RAW DATA:
----

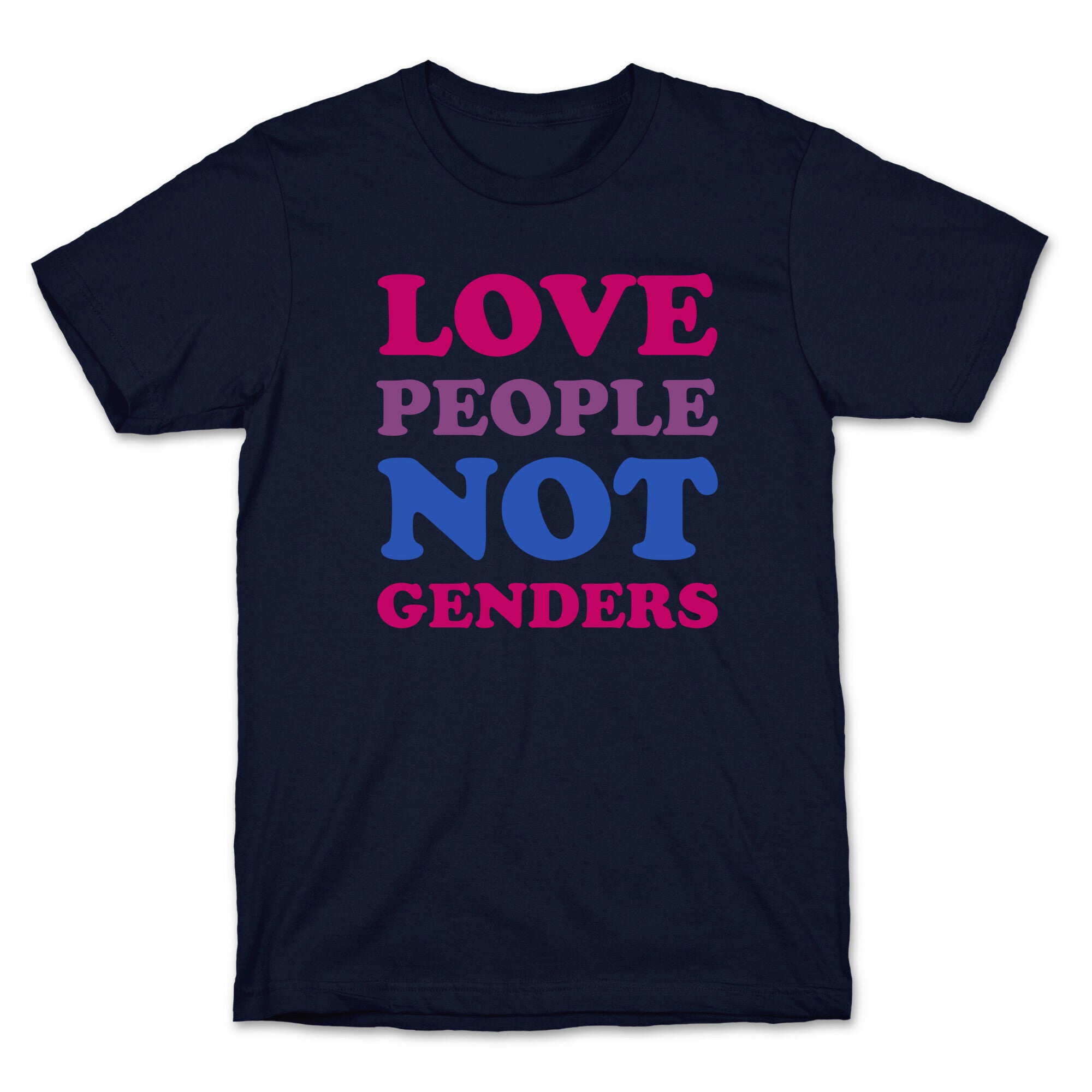Love People Not Genders T-Shirt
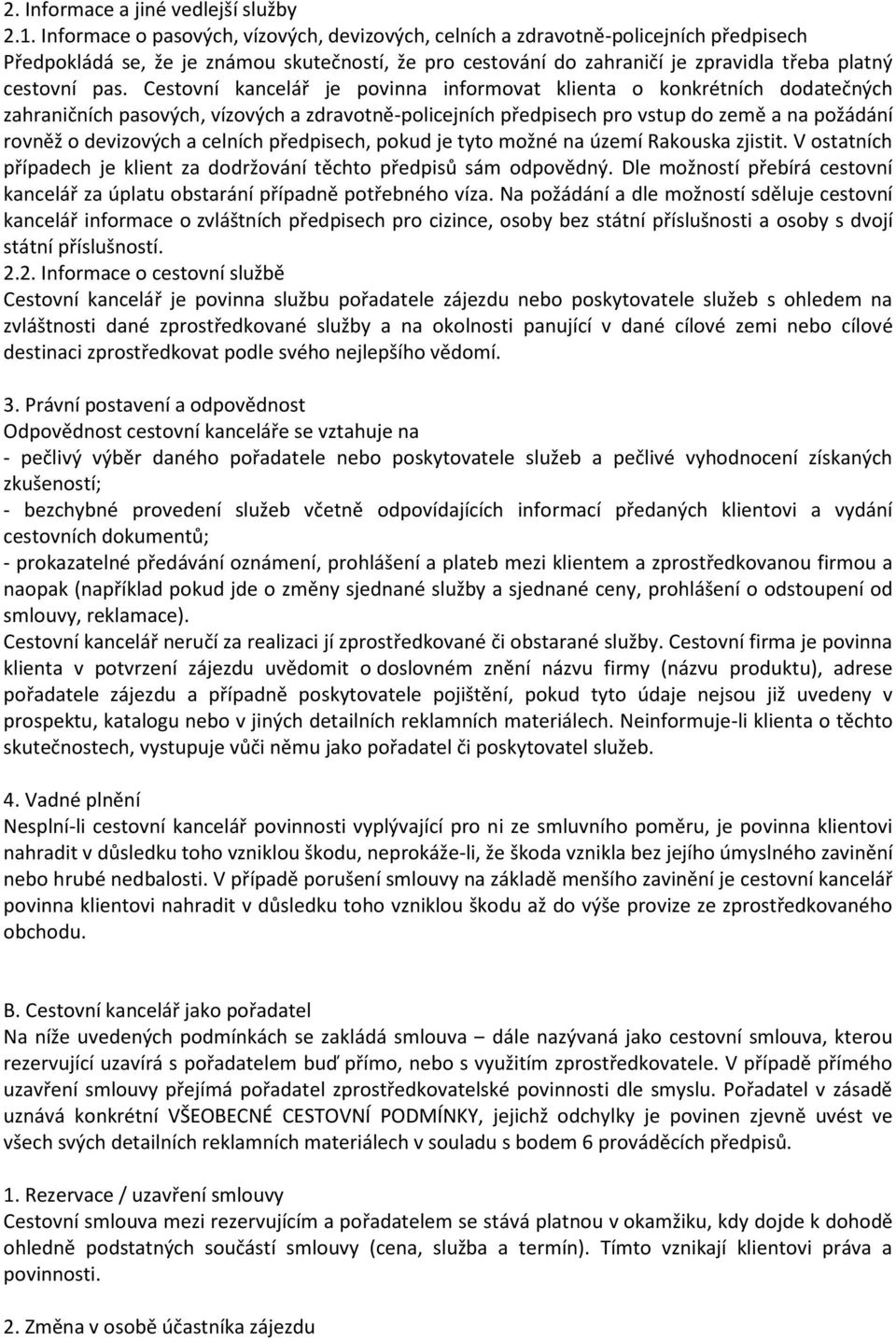 Cestovní kancelář je povinna informovat klienta o konkrétních dodatečných zahraničních pasových, vízových a zdravotně-policejních předpisech pro vstup do země a na požádání rovněž o devizových a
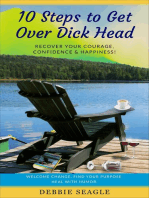 10 Steps to Get Over Dick Head: Recover Your Courage, Confidence & Happiness!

----

WHAT TO WORK ON:
Reproduce, exactly and with no pictures, the lines from the line containing "Cestovní kancelář je" through the closing line of the data above, keeping both ends.

WORKED SOLUTION:
 Cestovní kancelář je povinna informovat klienta o konkrétních dodatečných zahraničních pasových, vízových a zdravotně-policejních předpisech pro vstup do země a na požádání rovněž o devizových a
 10 Steps to Get Over Dick Head: Recover Your Courage, Confidence & Happiness!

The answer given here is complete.